-------- DATASET RECORDS --------

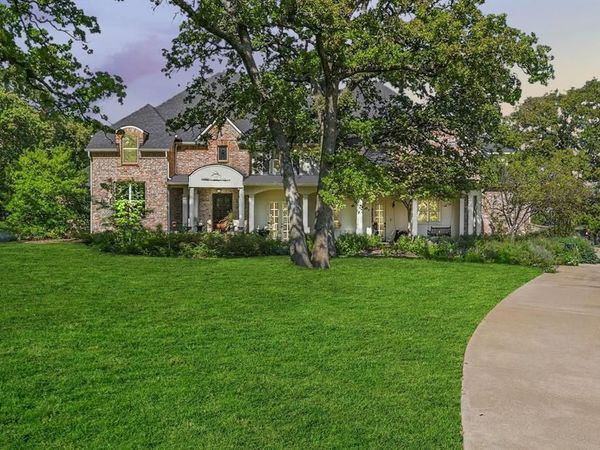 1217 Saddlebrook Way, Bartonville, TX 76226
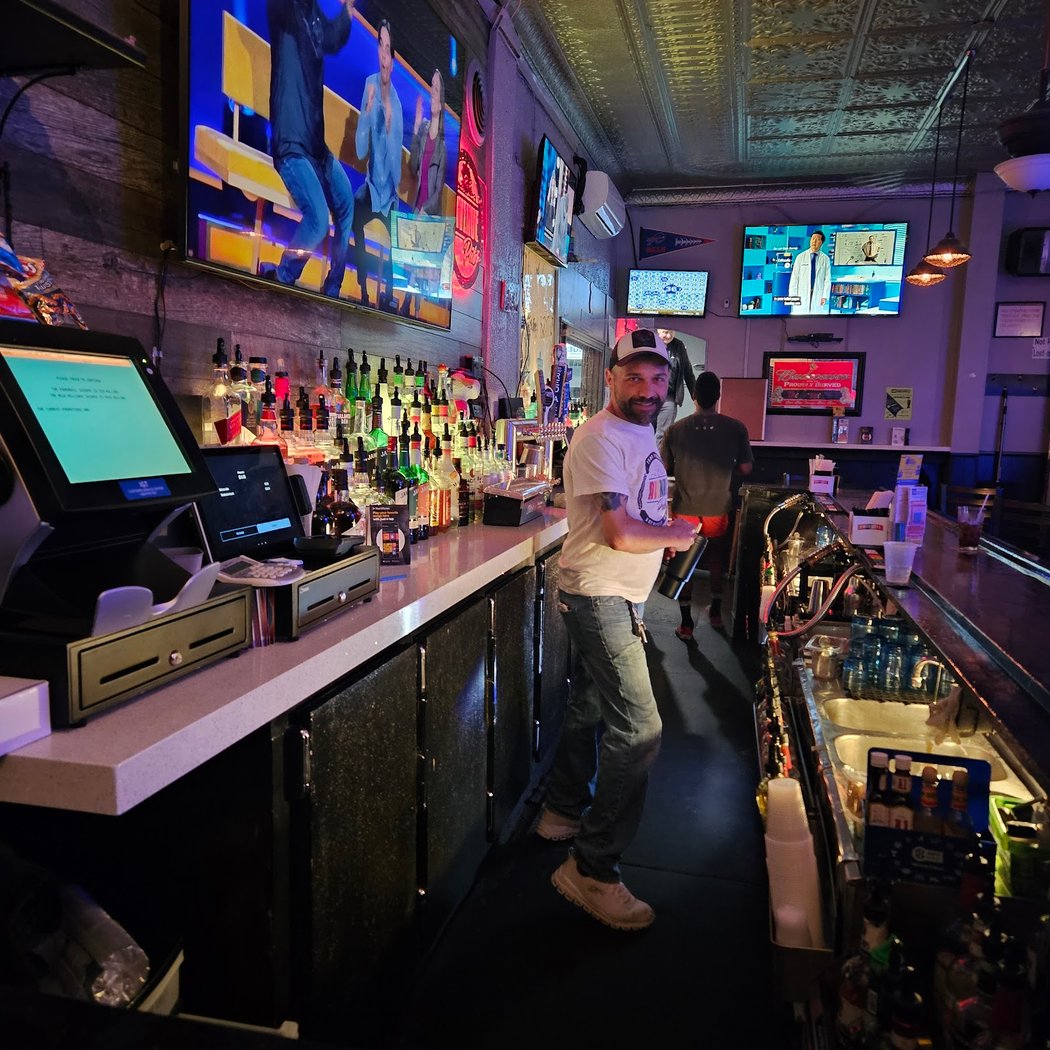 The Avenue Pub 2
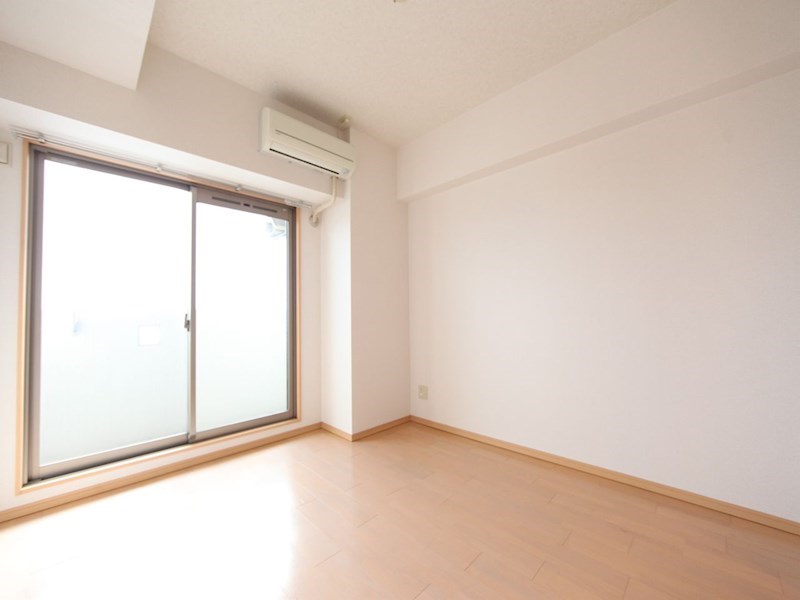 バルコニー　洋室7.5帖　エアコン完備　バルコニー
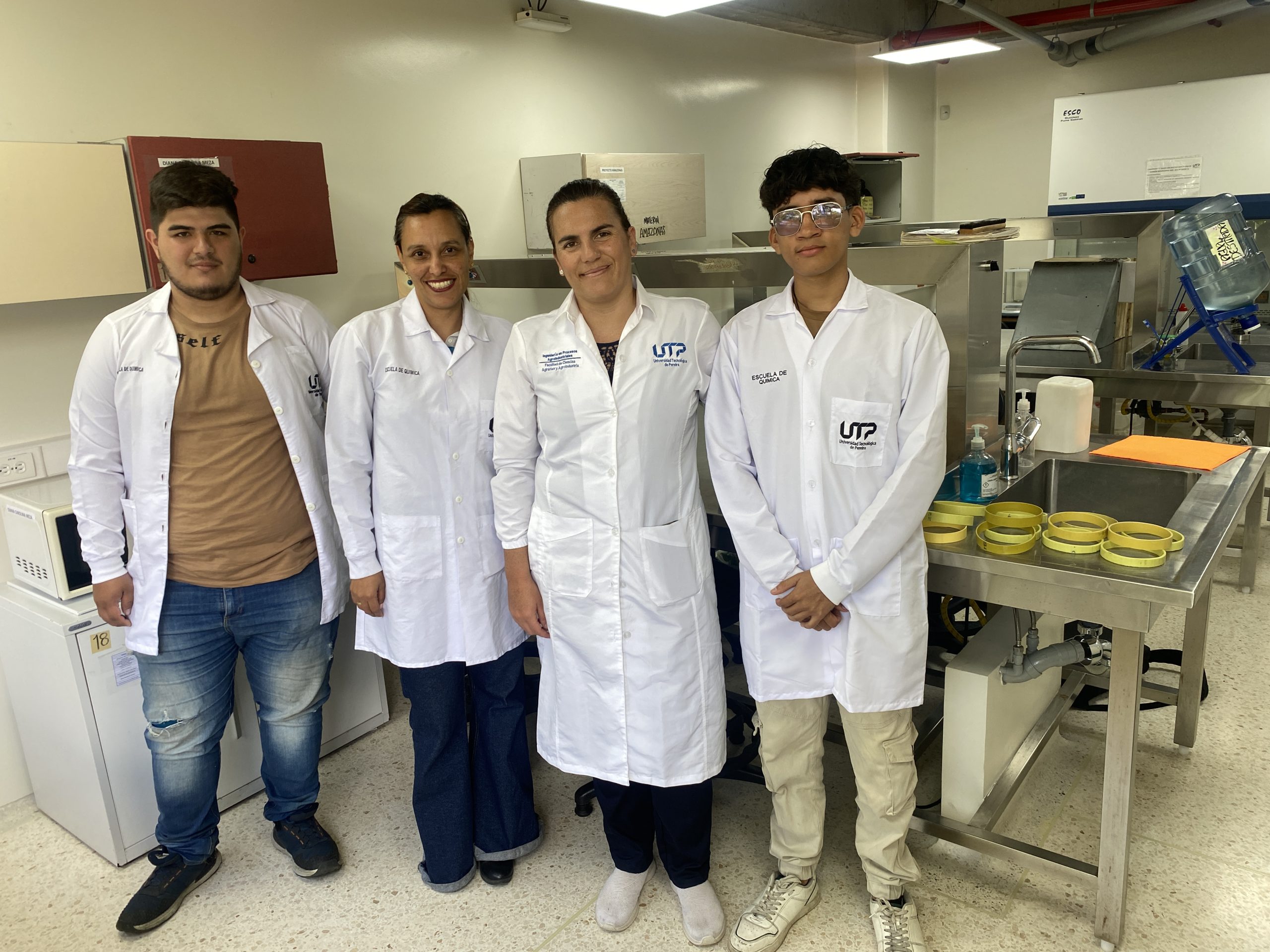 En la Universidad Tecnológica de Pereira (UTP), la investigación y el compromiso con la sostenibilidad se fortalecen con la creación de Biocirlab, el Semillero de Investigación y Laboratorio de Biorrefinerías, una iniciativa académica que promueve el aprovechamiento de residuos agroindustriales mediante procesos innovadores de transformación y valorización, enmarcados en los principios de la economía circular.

--------
-------- DATASET RECORDS --------

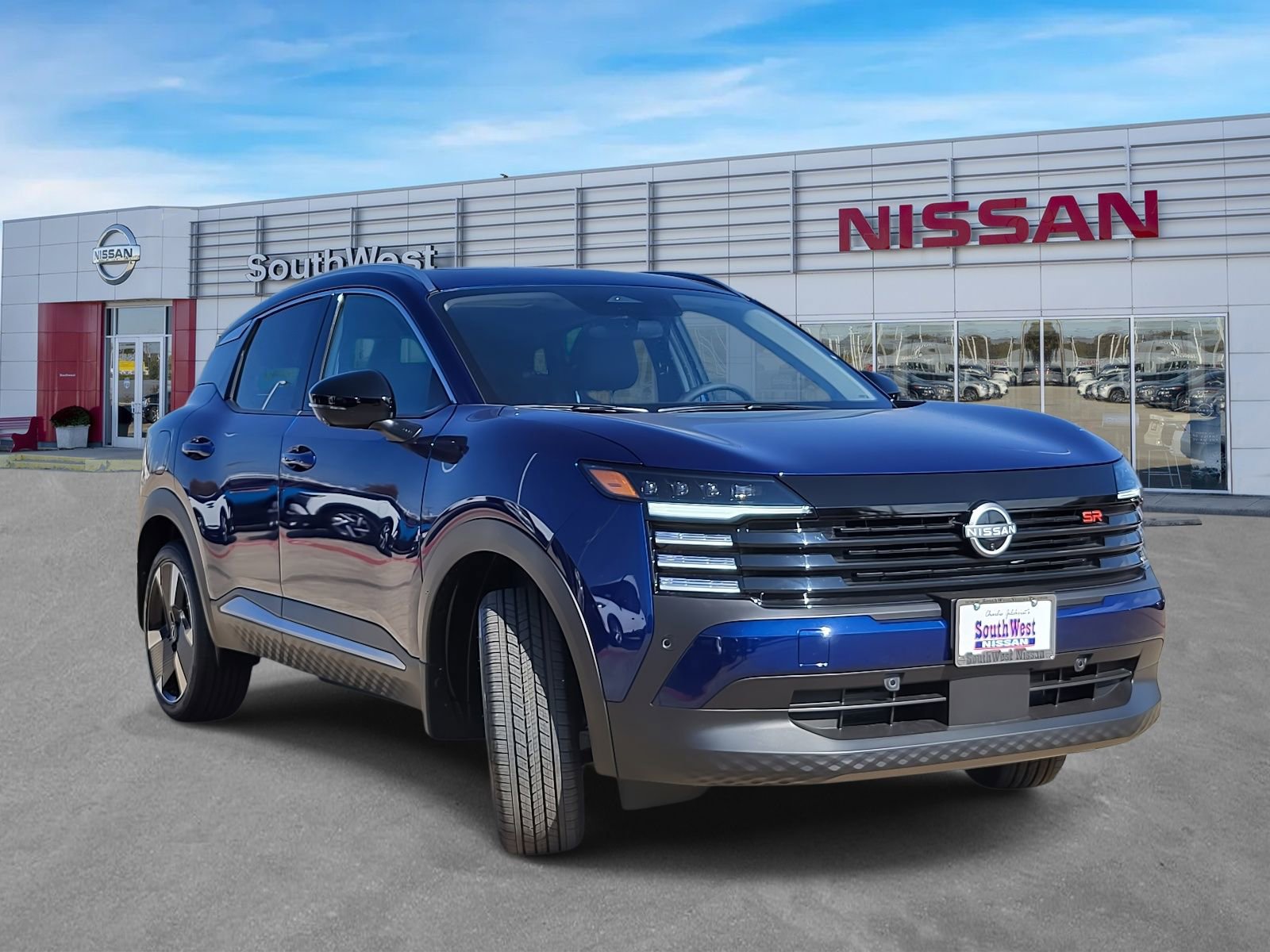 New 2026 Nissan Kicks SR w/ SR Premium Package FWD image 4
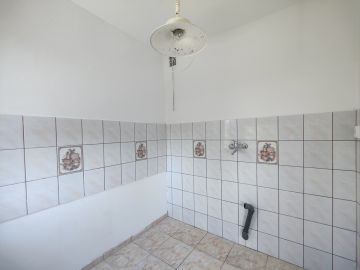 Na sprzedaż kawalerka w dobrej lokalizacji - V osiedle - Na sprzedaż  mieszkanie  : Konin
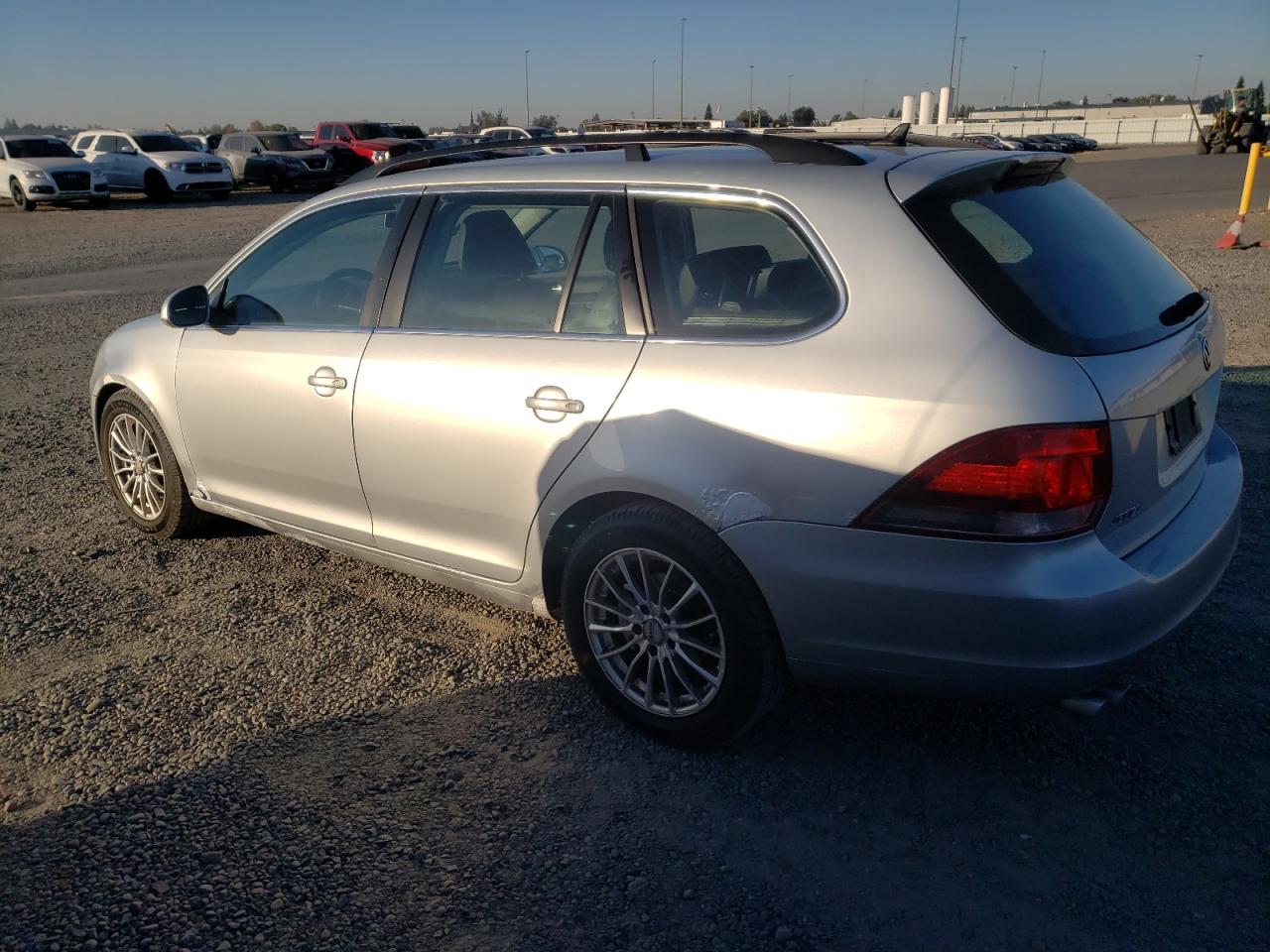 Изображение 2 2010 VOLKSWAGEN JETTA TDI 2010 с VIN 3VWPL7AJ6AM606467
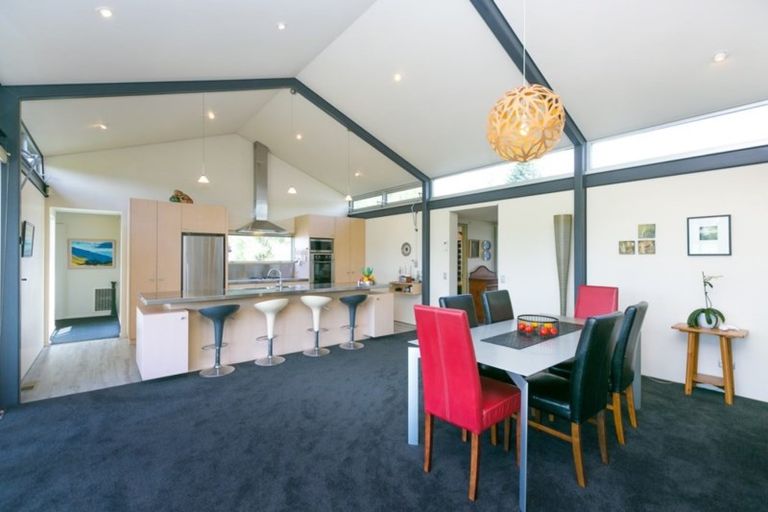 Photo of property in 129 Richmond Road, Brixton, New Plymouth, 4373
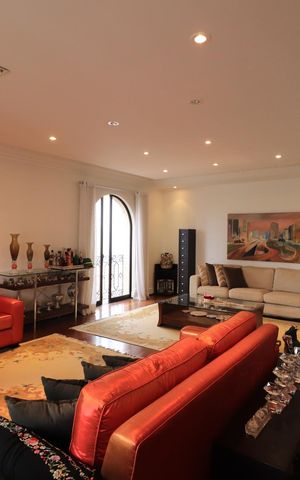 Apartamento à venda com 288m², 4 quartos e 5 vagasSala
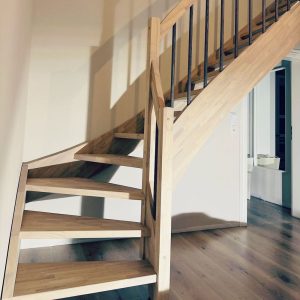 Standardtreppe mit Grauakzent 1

--------
-------- DATASET RECORDS --------

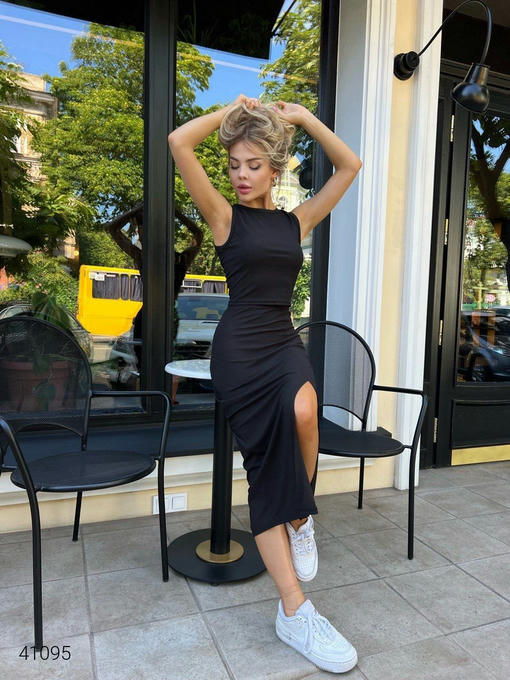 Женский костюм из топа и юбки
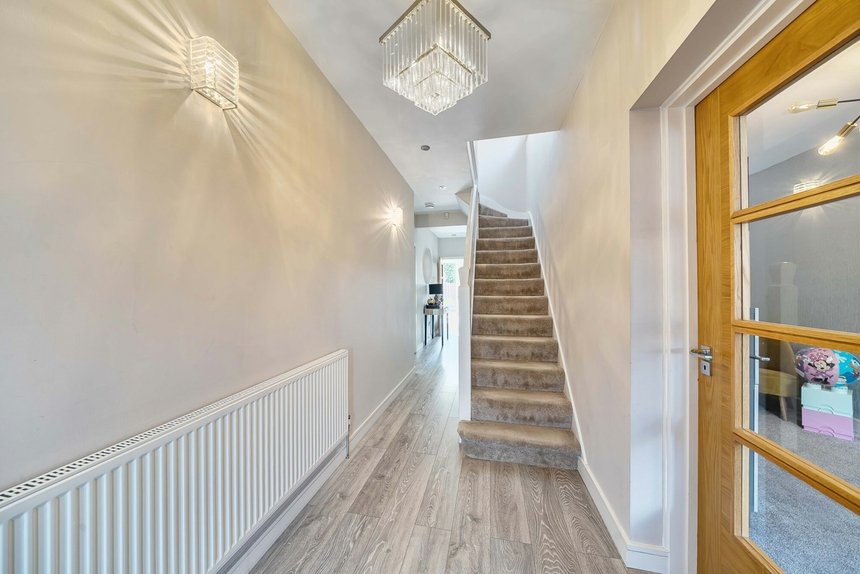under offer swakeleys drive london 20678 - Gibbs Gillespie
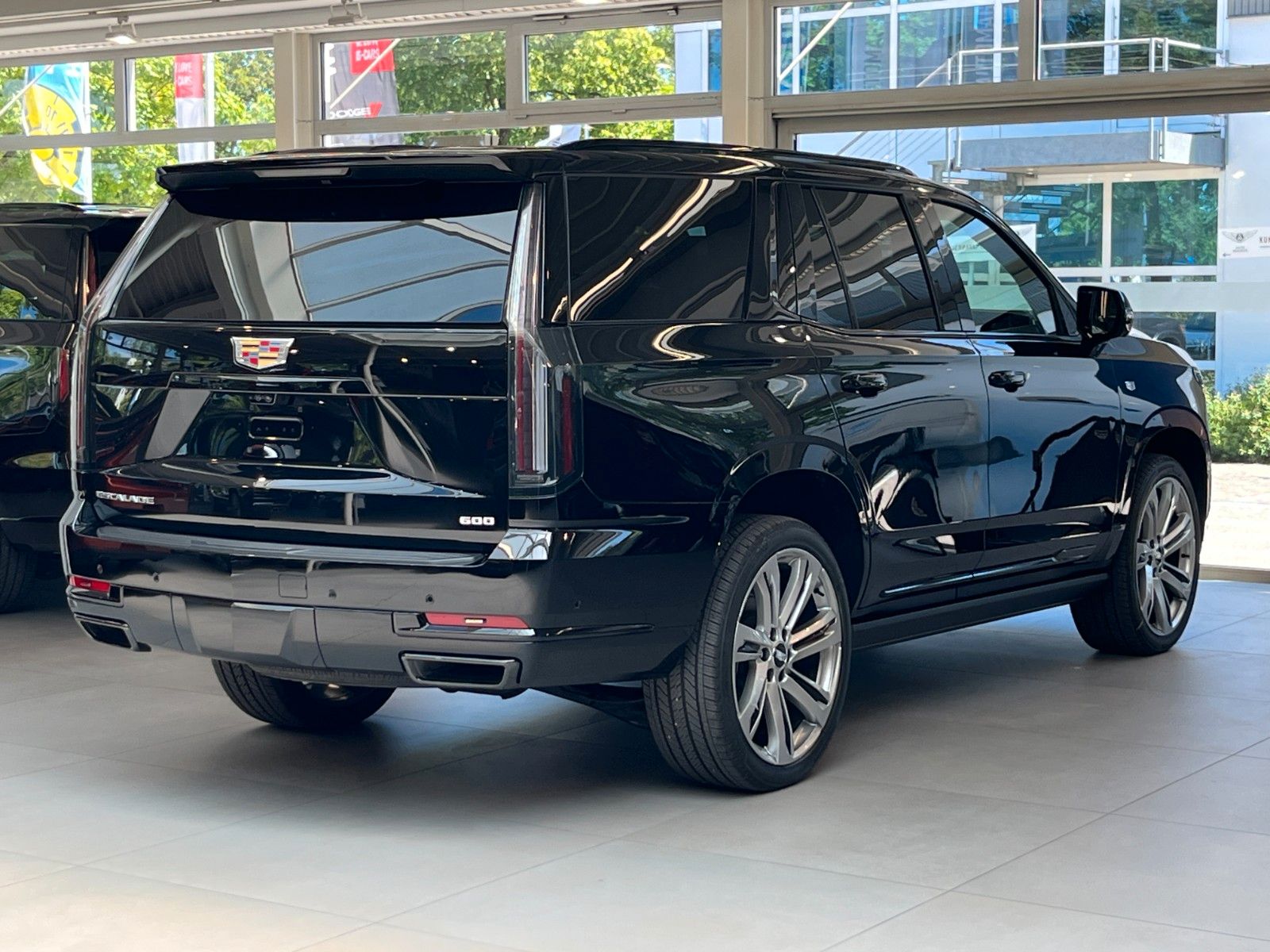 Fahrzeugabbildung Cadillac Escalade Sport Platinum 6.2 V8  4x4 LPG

--------

Exact copy, pictures excluded: every line above from the one containing "1217 Saddlebrook Way, Bartonville, TX 76226" to the one containing "En la Universidad", inclusive, and nothing more.

 1217 Saddlebrook Way, Bartonville, TX 76226
 The Avenue Pub 2
 バルコニー　洋室7.5帖　エアコン完備　バルコニー
 En la Universidad Tecnológica de Pereira (UTP), la investigación y el compromiso con la sostenibilidad se fortalecen con la creación de Biocirlab, el Semillero de Investigación y Laboratorio de Biorrefinerías, una iniciativa académica que promueve el aprovechamiento de residuos agroindustriales mediante procesos innovadores de transformación y valorización, enmarcados en los principios de la economía circular.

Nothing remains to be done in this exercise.